• _EXERCISE_:
Across all the entries below, how many lines contain the string "area"? The number by itself is the answer.

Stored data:
▬▬▬▬▬▬▬▬▬▬
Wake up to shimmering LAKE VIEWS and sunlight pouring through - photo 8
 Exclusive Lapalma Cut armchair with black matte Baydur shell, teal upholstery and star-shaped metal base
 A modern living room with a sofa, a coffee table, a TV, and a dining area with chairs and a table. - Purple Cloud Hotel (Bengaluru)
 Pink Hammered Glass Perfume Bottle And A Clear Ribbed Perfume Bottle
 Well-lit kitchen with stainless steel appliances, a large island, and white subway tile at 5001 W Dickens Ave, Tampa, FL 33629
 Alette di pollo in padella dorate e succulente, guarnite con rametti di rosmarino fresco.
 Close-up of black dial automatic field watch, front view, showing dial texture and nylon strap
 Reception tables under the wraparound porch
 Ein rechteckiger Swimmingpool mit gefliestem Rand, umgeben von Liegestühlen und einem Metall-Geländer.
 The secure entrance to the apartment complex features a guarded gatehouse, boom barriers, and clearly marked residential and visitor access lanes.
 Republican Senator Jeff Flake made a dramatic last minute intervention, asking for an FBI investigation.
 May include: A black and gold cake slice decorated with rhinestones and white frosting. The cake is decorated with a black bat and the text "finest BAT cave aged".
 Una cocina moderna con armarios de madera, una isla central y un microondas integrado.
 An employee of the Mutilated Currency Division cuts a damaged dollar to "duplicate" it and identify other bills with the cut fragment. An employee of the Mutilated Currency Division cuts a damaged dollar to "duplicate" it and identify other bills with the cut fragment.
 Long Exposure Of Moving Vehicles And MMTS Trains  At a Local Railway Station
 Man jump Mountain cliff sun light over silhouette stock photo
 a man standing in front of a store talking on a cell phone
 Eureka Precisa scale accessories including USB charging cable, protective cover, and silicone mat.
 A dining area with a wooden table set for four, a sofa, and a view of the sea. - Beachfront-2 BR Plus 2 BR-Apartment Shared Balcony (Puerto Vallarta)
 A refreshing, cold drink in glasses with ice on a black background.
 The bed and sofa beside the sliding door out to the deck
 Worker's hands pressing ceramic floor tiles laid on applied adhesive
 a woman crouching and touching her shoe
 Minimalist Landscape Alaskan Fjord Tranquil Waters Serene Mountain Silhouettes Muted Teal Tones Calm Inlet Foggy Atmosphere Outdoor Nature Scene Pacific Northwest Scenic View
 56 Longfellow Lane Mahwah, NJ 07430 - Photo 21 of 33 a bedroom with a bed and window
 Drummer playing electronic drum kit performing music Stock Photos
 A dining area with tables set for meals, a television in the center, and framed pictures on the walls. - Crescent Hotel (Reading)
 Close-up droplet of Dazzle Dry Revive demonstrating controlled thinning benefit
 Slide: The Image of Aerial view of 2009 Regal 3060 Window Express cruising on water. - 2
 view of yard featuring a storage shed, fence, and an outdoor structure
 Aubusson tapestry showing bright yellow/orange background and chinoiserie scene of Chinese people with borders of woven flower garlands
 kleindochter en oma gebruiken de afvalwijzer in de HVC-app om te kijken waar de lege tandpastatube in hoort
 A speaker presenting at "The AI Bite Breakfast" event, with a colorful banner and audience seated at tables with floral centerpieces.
▬▬▬▬▬▬▬▬▬▬
• _ANSWER FOR THE TASK_:
3